### TASK GOAL
Give back, word for word, only the lines from the opening of the records through the one with "Betsy Drake Playing". Pictures stay out.

### INPUT FOR THIS TASK
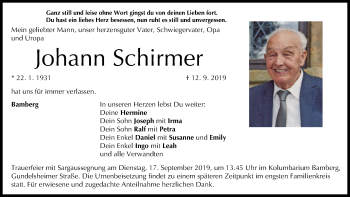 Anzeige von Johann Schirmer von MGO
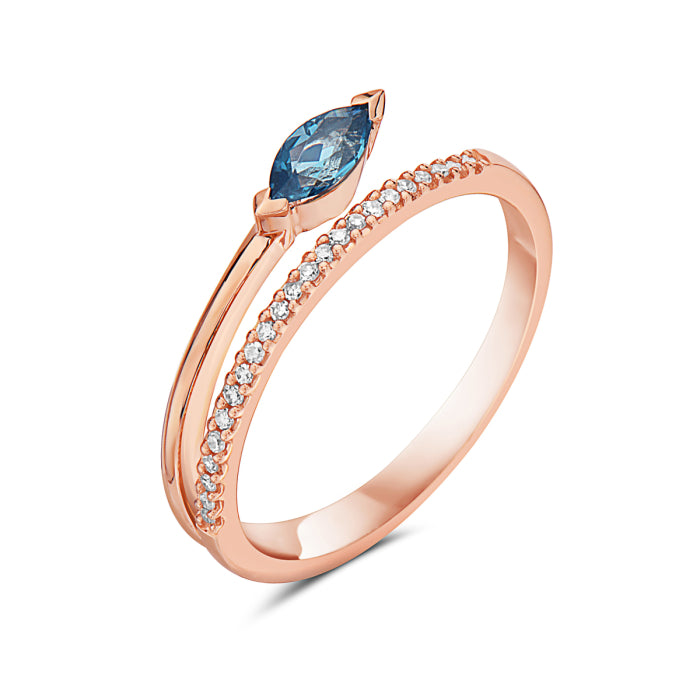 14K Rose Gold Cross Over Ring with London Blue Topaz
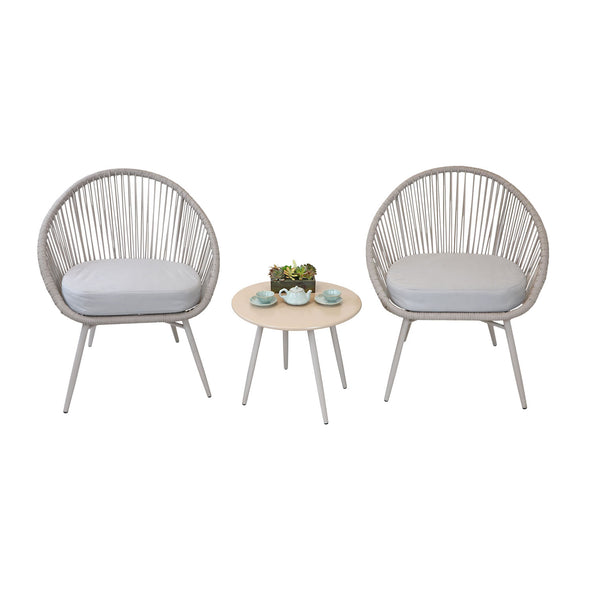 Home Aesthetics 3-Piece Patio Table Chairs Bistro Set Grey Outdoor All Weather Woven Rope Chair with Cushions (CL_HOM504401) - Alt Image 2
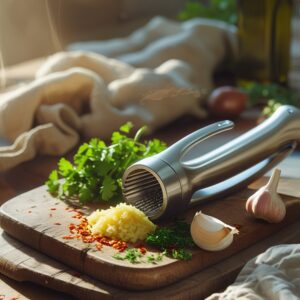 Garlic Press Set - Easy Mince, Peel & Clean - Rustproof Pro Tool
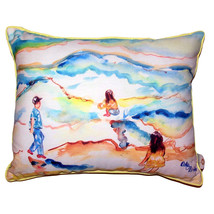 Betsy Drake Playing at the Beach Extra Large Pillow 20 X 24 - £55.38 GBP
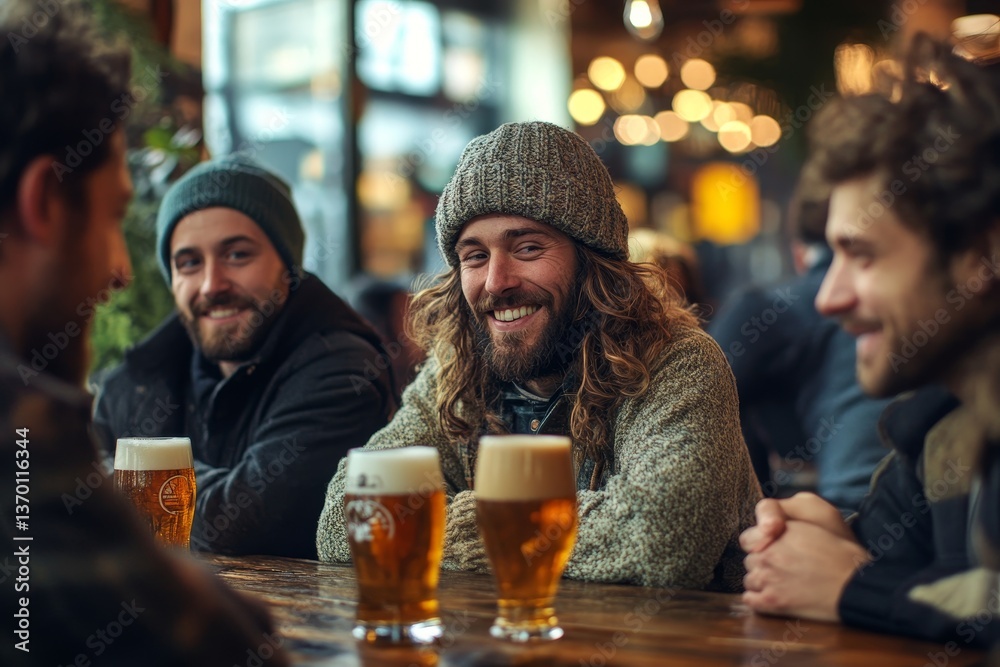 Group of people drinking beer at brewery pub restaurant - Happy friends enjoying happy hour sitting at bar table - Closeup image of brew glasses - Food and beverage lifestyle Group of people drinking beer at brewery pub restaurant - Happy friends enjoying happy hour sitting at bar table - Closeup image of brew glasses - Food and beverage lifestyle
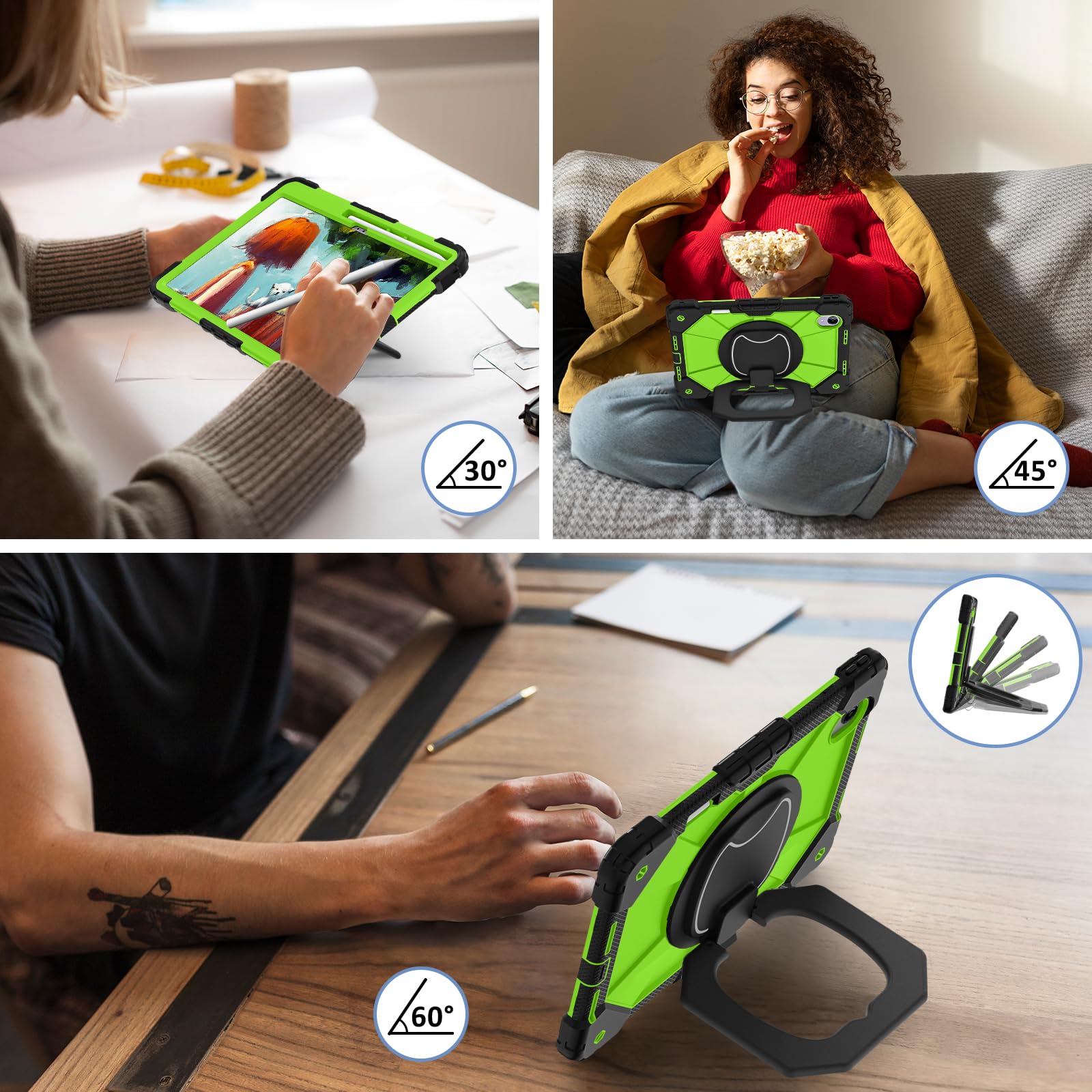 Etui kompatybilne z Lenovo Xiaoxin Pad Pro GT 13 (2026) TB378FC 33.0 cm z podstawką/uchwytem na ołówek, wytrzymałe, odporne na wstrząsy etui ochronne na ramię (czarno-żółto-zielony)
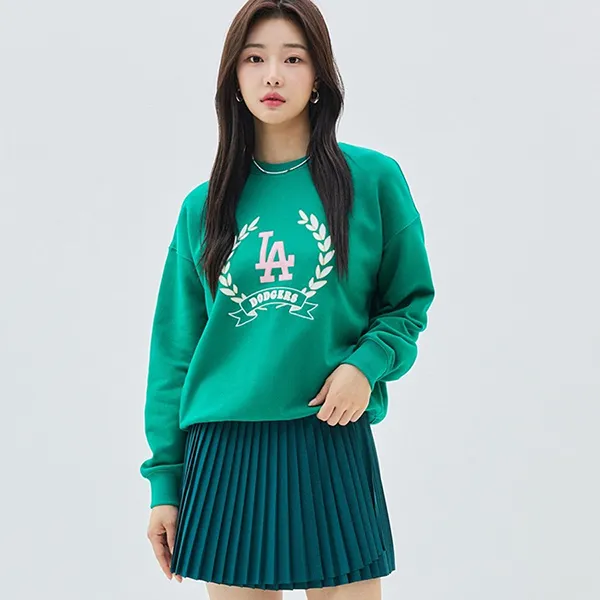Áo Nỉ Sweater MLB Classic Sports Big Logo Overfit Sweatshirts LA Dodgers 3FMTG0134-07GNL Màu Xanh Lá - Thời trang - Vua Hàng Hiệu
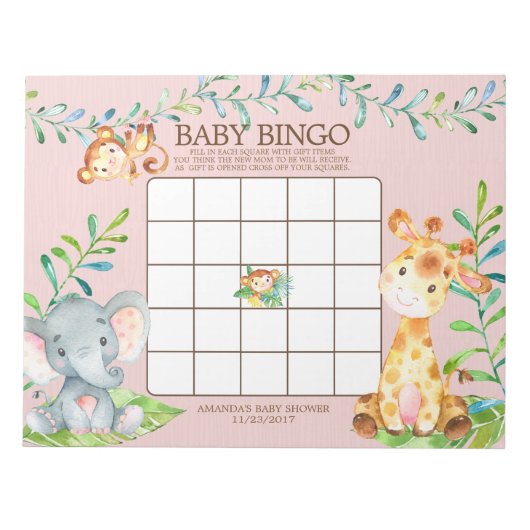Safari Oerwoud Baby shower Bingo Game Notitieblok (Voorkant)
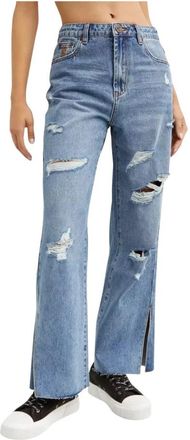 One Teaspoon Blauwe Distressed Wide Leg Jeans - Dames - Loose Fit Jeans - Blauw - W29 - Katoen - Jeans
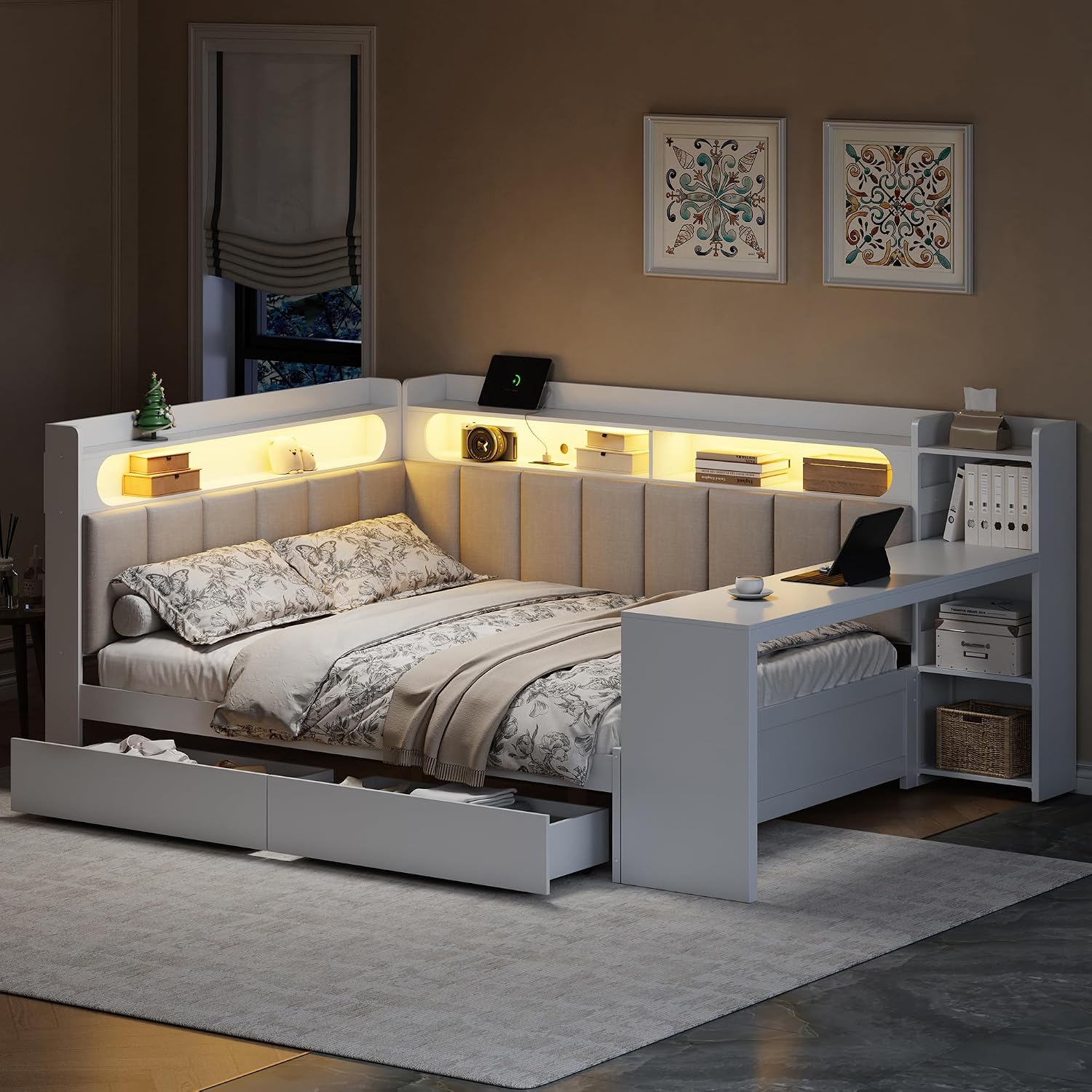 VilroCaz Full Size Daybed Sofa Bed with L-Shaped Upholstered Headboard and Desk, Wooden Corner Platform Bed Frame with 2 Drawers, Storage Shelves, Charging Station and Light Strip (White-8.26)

### RESPONSE TO THIS TASK
 Anzeige von Johann Schirmer von MGO
 14K Rose Gold Cross Over Ring with London Blue Topaz
 Home Aesthetics 3-Piece Patio Table Chairs Bistro Set Grey Outdoor All Weather Woven Rope Chair with Cushions (CL_HOM504401) - Alt Image 2
 Garlic Press Set - Easy Mince, Peel & Clean - Rustproof Pro Tool
 Betsy Drake Playing at the Beach Extra Large Pillow 20 X 24 - £55.38 GBP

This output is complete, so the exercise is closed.